In its first baseline evaluation report on Germany, the Council of Europe Group of Experts on Action against Violence against Women and Domestic Violence (GREVIO) welcomes criminal law measures taken before and after Germany’s ratification of the Istanbul Convention in 2018, but also points out urgent steps that Germany should take to better protect women and girls from gender-based violence. Based on a detailed questionnaire and evaluation visit last year, involving meetings with relevant federal and state (Länder) government officials, parliamentarians and representatives of over 40 NGOs, GREVIO’s report, published together with the German government response, covers the period up to September 2021.
Among positive developments, GREVIO praises the consent-based definition of rape and sexual violence and the successful operation of a national telephone helpline.
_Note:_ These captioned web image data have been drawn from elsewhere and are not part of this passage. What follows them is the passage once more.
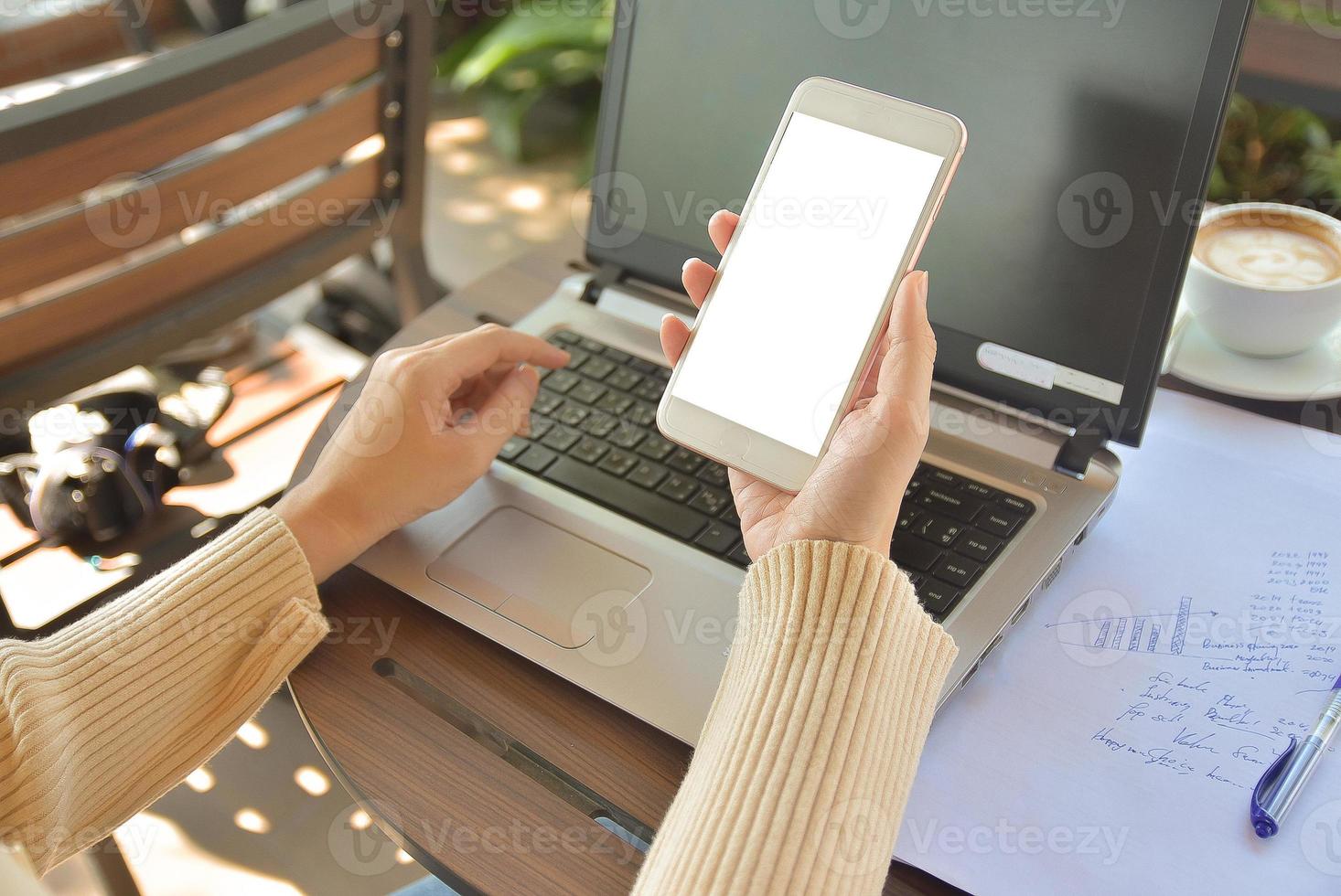 close-up vrouw met behulp van mobiele telefoon scherm mockup kopie spec foto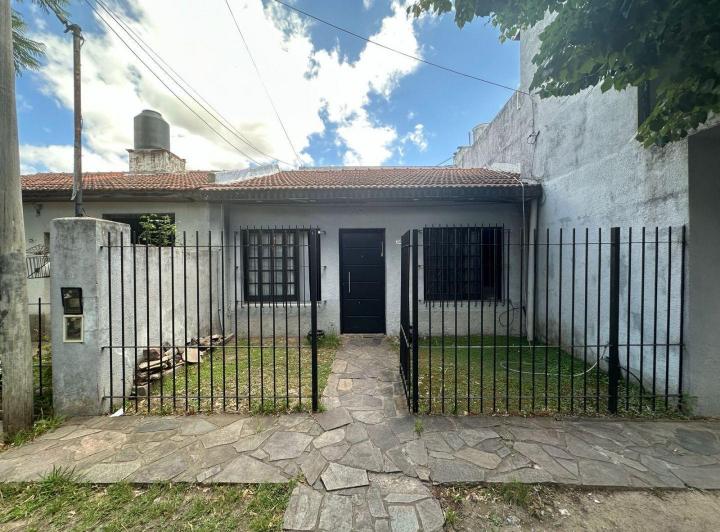 Casa · 140m² · 6 Ambientes · 2 Cocheras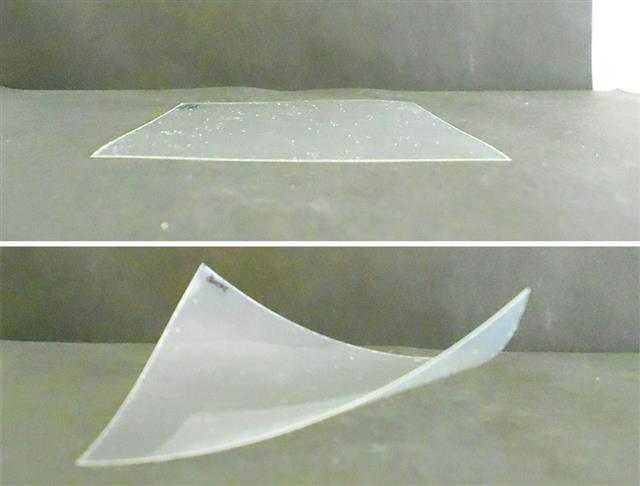 セロキサイド８４００をＰＥＴフィルムに塗工したようす（上）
It commends the explicit criminalization of technology-facilitated abuse (such as cyber stalking, unauthorised taking of pictures of private bodily parts, sharing of images online and stalker ware) as having “contributed in recent years to a solid legal framework applicable to the digital dimension of violence against women.”
But serious gaps must be addressed, from a poor level of risk assessment and a need to improve the use made of protection orders and emergency barring orders, to lacking support services and shelters. An overarching issue is the lack of a national action plan, or coordination at the national level, as required by the Istanbul Convention. While some plans to stop violence against women at the state level are praised with examples, GREVIO is concerned by the “disparity” in levels of service, which vary “significantly” between the 16 federal states, or Länder, as well as within each federal state.
This disparity is reflected for example in lacking rape crisis/sexual violence referral centres and dedicated women’s shelters for domestic violence. Geographic coverage and availability of specialist services vary. In rural areas, specialist support services are much less established, or focus mainly on domestic violence, leaving victims of other forms of violence without adequate support. While services in principle exist for most or all forms of violence in larger cities, the ratio between staff and clients often leads to long waiting lists. In Berlin, for example, a city of 3.7 million inhabitants, only one counselling centre for rape victims exists, with fewer than nine employees and an average waiting time of two months for an initial session.
Based on this report, the Committee of the Parties, which is composed of the representatives of the State Parties to the Convention, will publish its recommendations to the German Government in December this year.